▶ Aim of the task: Every line from the line containing "a wooden bunk" through the end of the data is to be reproduced exactly, excluding pictures.

━━━ Given information ━━━

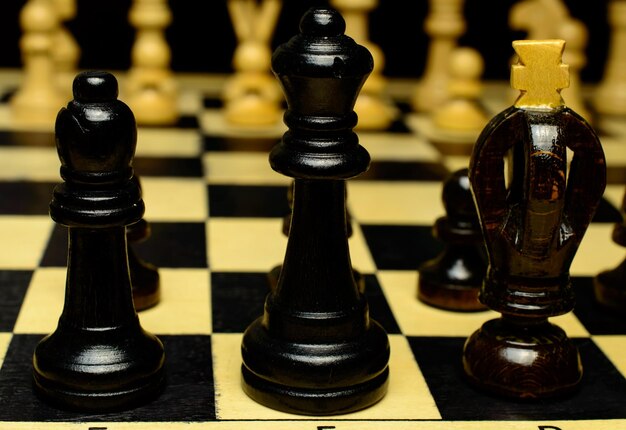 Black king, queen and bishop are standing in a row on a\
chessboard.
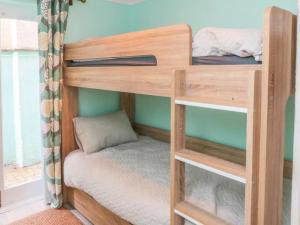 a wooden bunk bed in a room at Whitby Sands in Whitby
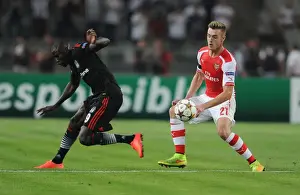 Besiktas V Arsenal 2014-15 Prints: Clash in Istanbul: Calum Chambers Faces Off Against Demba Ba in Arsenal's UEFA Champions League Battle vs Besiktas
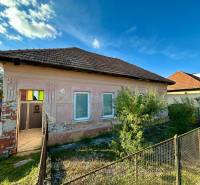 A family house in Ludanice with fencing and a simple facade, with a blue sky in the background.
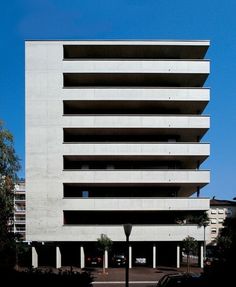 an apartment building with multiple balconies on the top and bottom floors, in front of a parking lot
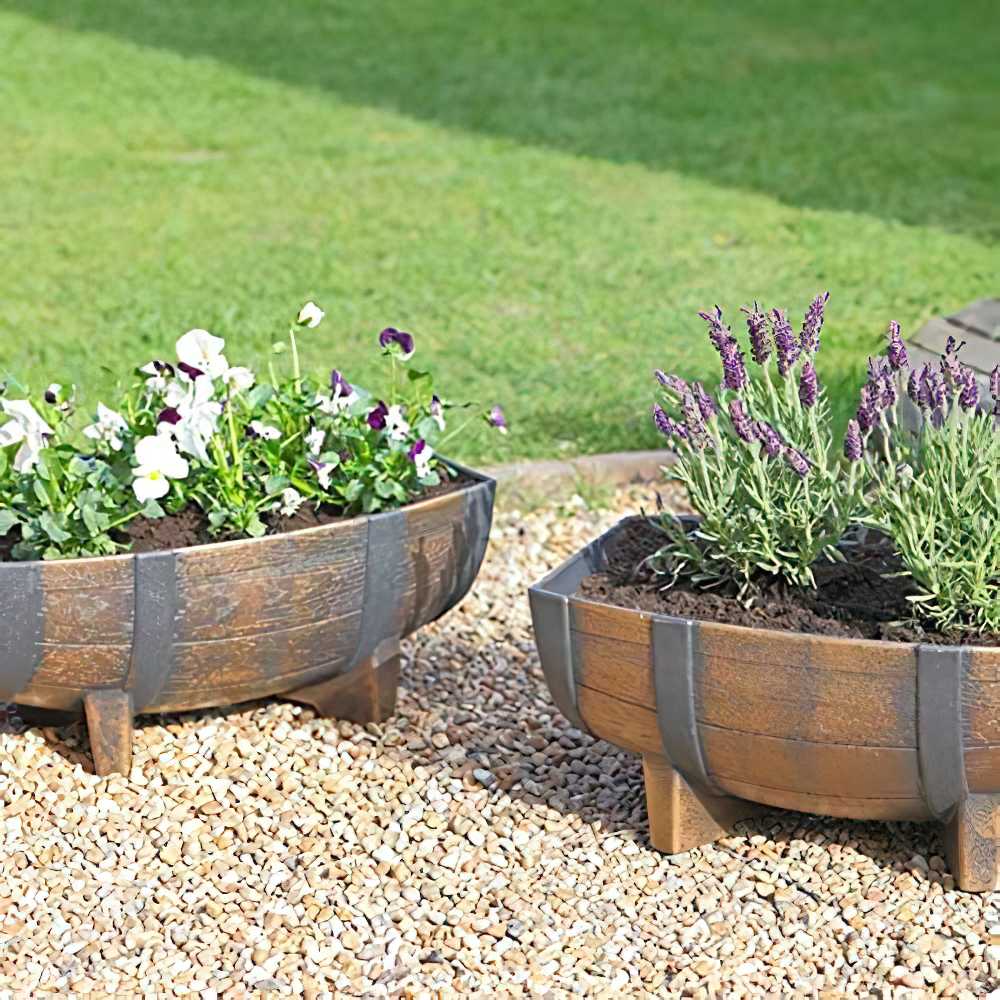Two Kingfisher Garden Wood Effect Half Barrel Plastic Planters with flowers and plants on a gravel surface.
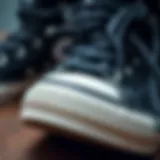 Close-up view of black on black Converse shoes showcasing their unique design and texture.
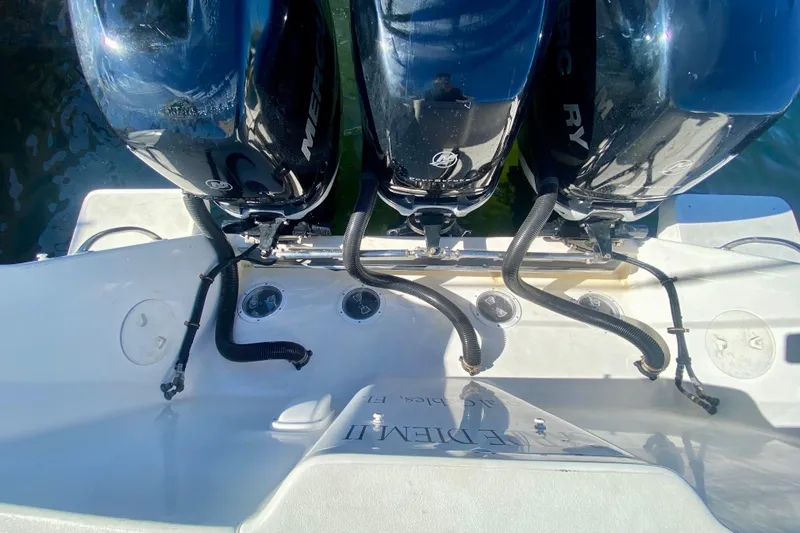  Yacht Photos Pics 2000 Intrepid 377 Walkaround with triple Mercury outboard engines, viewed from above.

━━━

▶ Your solution:
 a wooden bunk bed in a room at Whitby Sands in Whitby
 Besiktas V Arsenal 2014-15 Prints: Clash in Istanbul: Calum Chambers Faces Off Against Demba Ba in Arsenal's UEFA Champions League Battle vs Besiktas
 A family house in Ludanice with fencing and a simple facade, with a blue sky in the background.
 an apartment building with multiple balconies on the top and bottom floors, in front of a parking lot
Two Kingfisher Garden Wood Effect Half Barrel Plastic Planters with flowers and plants on a gravel surface.
 Close-up view of black on black Converse shoes showcasing their unique design and texture.
  Yacht Photos Pics 2000 Intrepid 377 Walkaround with triple Mercury outboard engines, viewed from above.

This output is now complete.